(Beginning of Given information)

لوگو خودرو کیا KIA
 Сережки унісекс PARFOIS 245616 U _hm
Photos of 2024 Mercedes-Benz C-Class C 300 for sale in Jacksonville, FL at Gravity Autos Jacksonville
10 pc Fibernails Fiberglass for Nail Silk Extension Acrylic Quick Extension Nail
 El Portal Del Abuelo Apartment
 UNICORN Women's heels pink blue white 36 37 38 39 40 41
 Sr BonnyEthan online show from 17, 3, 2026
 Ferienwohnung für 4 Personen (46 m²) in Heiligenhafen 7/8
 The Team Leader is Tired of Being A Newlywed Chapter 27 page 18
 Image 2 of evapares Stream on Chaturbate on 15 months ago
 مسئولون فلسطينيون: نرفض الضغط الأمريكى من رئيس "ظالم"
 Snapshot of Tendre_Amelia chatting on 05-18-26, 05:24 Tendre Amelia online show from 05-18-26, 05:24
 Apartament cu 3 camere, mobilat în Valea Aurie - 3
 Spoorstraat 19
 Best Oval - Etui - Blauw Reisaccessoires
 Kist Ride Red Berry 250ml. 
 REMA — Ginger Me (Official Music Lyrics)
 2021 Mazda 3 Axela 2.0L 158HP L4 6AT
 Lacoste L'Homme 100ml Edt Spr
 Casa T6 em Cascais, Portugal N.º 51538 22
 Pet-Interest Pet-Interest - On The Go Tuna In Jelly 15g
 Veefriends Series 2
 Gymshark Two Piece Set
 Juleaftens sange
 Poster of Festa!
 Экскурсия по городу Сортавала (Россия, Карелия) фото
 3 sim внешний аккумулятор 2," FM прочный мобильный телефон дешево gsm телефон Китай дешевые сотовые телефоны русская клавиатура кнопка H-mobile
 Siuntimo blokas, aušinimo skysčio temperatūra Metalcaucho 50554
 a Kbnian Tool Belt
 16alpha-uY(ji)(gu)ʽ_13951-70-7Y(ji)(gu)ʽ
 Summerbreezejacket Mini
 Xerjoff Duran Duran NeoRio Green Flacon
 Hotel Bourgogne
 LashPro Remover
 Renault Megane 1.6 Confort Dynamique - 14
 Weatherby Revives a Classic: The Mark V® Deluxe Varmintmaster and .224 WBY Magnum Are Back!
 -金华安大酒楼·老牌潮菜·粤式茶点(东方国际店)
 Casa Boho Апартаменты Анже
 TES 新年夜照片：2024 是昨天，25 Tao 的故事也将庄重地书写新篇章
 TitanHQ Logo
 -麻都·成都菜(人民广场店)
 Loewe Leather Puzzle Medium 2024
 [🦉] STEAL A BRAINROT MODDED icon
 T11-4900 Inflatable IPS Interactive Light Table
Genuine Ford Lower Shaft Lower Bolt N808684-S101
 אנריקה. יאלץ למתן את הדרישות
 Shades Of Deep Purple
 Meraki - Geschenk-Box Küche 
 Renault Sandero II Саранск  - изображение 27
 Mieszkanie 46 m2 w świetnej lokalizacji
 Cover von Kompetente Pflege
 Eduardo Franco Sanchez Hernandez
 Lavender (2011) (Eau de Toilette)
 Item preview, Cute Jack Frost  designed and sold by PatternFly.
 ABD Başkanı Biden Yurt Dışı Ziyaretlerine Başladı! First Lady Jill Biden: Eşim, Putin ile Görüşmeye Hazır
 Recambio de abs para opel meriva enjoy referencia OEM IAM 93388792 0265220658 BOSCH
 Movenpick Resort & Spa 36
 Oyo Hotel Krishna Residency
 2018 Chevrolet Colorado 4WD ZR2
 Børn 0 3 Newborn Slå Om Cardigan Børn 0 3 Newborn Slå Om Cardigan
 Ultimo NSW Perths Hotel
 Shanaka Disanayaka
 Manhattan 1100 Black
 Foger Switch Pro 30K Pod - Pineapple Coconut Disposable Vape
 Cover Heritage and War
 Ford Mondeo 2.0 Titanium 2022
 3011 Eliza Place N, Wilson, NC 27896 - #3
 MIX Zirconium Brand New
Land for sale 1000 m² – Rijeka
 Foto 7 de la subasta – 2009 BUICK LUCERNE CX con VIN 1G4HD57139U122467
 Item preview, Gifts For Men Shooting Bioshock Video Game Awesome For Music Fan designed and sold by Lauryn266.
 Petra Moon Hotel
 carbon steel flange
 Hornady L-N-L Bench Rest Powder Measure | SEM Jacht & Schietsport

(End of Given information)

- _Instructions to follow_: What's needed is an exact copy of every entry.

- _Task response_:
لوگو خودرو کیا KIA
 Сережки унісекс PARFOIS 245616 U _hm
Photos of 2024 Mercedes-Benz C-Class C 300 for sale in Jacksonville, FL at Gravity Autos Jacksonville
10 pc Fibernails Fiberglass for Nail Silk Extension Acrylic Quick Extension Nail
 El Portal Del Abuelo Apartment
 UNICORN Women's heels pink blue white 36 37 38 39 40 41
 Sr BonnyEthan online show from 17, 3, 2026
 Ferienwohnung für 4 Personen (46 m²) in Heiligenhafen 7/8
 The Team Leader is Tired of Being A Newlywed Chapter 27 page 18
 Image 2 of evapares Stream on Chaturbate on 15 months ago
 مسئولون فلسطينيون: نرفض الضغط الأمريكى من رئيس "ظالم"
 Snapshot of Tendre_Amelia chatting on 05-18-26, 05:24 Tendre Amelia online show from 05-18-26, 05:24
 Apartament cu 3 camere, mobilat în Valea Aurie - 3
 Spoorstraat 19
 Best Oval - Etui - Blauw Reisaccessoires
 Kist Ride Red Berry 250ml. 
 REMA — Ginger Me (Official Music Lyrics)
 2021 Mazda 3 Axela 2.0L 158HP L4 6AT
 Lacoste L'Homme 100ml Edt Spr
 Casa T6 em Cascais, Portugal N.º 51538 22
 Pet-Interest Pet-Interest - On The Go Tuna In Jelly 15g
 Veefriends Series 2
 Gymshark Two Piece Set
 Juleaftens sange
 Poster of Festa!
 Экскурсия по городу Сортавала (Россия, Карелия) фото
 3 sim внешний аккумулятор 2," FM прочный мобильный телефон дешево gsm телефон Китай дешевые сотовые телефоны русская клавиатура кнопка H-mobile
 Siuntimo blokas, aušinimo skysčio temperatūra Metalcaucho 50554
 a Kbnian Tool Belt
 16alpha-uY(ji)(gu)ʽ_13951-70-7Y(ji)(gu)ʽ
 Summerbreezejacket Mini
 Xerjoff Duran Duran NeoRio Green Flacon
 Hotel Bourgogne
 LashPro Remover
 Renault Megane 1.6 Confort Dynamique - 14
 Weatherby Revives a Classic: The Mark V® Deluxe Varmintmaster and .224 WBY Magnum Are Back!
 -金华安大酒楼·老牌潮菜·粤式茶点(东方国际店)
 Casa Boho Апартаменты Анже
 TES 新年夜照片：2024 是昨天，25 Tao 的故事也将庄重地书写新篇章
 TitanHQ Logo
 -麻都·成都菜(人民广场店)
 Loewe Leather Puzzle Medium 2024
 [🦉] STEAL A BRAINROT MODDED icon
 T11-4900 Inflatable IPS Interactive Light Table
Genuine Ford Lower Shaft Lower Bolt N808684-S101
 אנריקה. יאלץ למתן את הדרישות
 Shades Of Deep Purple
 Meraki - Geschenk-Box Küche 
 Renault Sandero II Саранск  - изображение 27
 Mieszkanie 46 m2 w świetnej lokalizacji
 Cover von Kompetente Pflege
 Eduardo Franco Sanchez Hernandez
 Lavender (2011) (Eau de Toilette)
 Item preview, Cute Jack Frost  designed and sold by PatternFly.
 ABD Başkanı Biden Yurt Dışı Ziyaretlerine Başladı! First Lady Jill Biden: Eşim, Putin ile Görüşmeye Hazır
 Recambio de abs para opel meriva enjoy referencia OEM IAM 93388792 0265220658 BOSCH
 Movenpick Resort & Spa 36
 Oyo Hotel Krishna Residency
 2018 Chevrolet Colorado 4WD ZR2
 Børn 0 3 Newborn Slå Om Cardigan Børn 0 3 Newborn Slå Om Cardigan
 Ultimo NSW Perths Hotel
 Shanaka Disanayaka
 Manhattan 1100 Black
 Foger Switch Pro 30K Pod - Pineapple Coconut Disposable Vape
 Cover Heritage and War
 Ford Mondeo 2.0 Titanium 2022
 3011 Eliza Place N, Wilson, NC 27896 - #3
 MIX Zirconium Brand New
Land for sale 1000 m² – Rijeka
 Foto 7 de la subasta – 2009 BUICK LUCERNE CX con VIN 1G4HD57139U122467
 Item preview, Gifts For Men Shooting Bioshock Video Game Awesome For Music Fan designed and sold by Lauryn266.
 Petra Moon Hotel
 carbon steel flange
 Hornady L-N-L Bench Rest Powder Measure | SEM Jacht & Schietsport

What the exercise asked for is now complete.